People v. Brown

Decision Date28 March 1996
Docket NumberNo. 74532,74532
Parties, 216 Ill.Dec. 733 The PEOPLE of the State of Illinois, Appellee, v. Anton BROWN, Appellant.
CourtIllinois Supreme Court

Rehearing Denied June 3, 1996.

As Modified on Denial of Rehearing June 3, 1996.

David J. Bradford, Locke E. Bowman and Kathleen M. Banar, Chicago, for appellant.

Roland W. Burris, Attorney General, Springfield, and Jack O'Malley, State's Attorney, Chicago (Arleen C. Anderson, Assistant Attorney General, Chicago, and Renee G. Goldfarb and Linda Woloshin, Assistant State's Attorneys, of counsel), for the People.

Justice MILLER delivered the opinion of the court:

Following a jury trial in the circuit court of Cook County, defendant, Anton Brown, was convicted of three counts of first degree murder. At a separate sentencing hearing, the same jury found defendant eligible for the death penalty and further determined that there were no mitigating circumstances sufficient to preclude imposition of that sentence. Accordingly, the trial judge sentenced defendant to death. Defendant's death sentence has been automatically stayed pending direct review by this court. Ill. Const.1970, art. VI, § 4(b); 134 Ill.2d Rs. 603, 609(a). In this appeal, defendant raises numerous errors in various proceedings below as grounds for reversal in this court. For the reasons that follow, we affirm defendant's convictions and sentences.
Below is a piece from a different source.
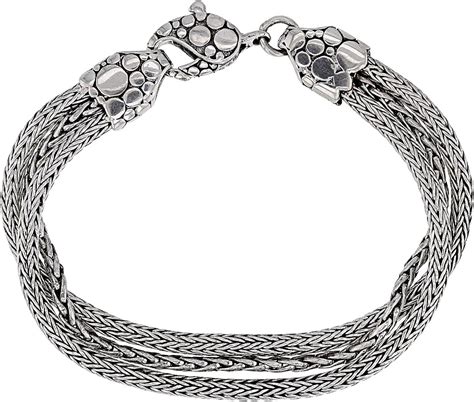 Amazon Jtv Sterling Silver Twisted Multi Strand Bracelet Jewelry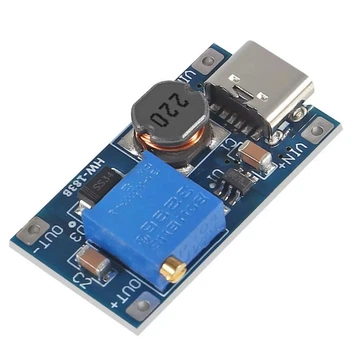 Преобразователь повышающий Модуль питания MT3608 2A DC-DC Type-C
On September 10, 1990, defendant was charged by indictment in the circuit court of Cook County with six counts of first degree murder. Ill.Rev.Stat.1989, ch. 38, pars. 9-1(a)(1), (a)(2). The indictments were based on the September 2 and 3, 1990, murders of Aretha C. Phillips and her two children, Monique Belton, who was two years old at the time of death, and John Belton, Jr., who was three years old at the time of death.

The evidence at trial established that Gloria Wallace, Aretha's mother, attempted to call Aretha on September 4, 1990, on her beeper. However, another woman, whom Wallace did not recognize, answered the beeper. Wallace then called the police. She told the police that her daughter's apartment windows were open, but that she could not contact her daughter. Wallace asked the police to go to Aretha's apartment to look for her daughter. The police subsequently met Wallace at Aretha's apartment. On arriving at the apartment, Wallace found a note, which she testified she gave to the police, on the door of the apartment. The note was from Aretha's baby-sitter and stated that the baby-sitter was supposed to baby-sit for Aretha, but that Aretha did not show up. The police then knocked on the door, but there was no answer. Having no key of her own, Wallace begged the police to enter the apartment. The police refused, stating that they had no authority to enter or to allow her to enter. After Wallace told the police that she was fearful for her daughter's life because she had not seen or heard from her daughter for a couple of days and it was unusual for the apartment windows to be open, the police called the fire department for assistance.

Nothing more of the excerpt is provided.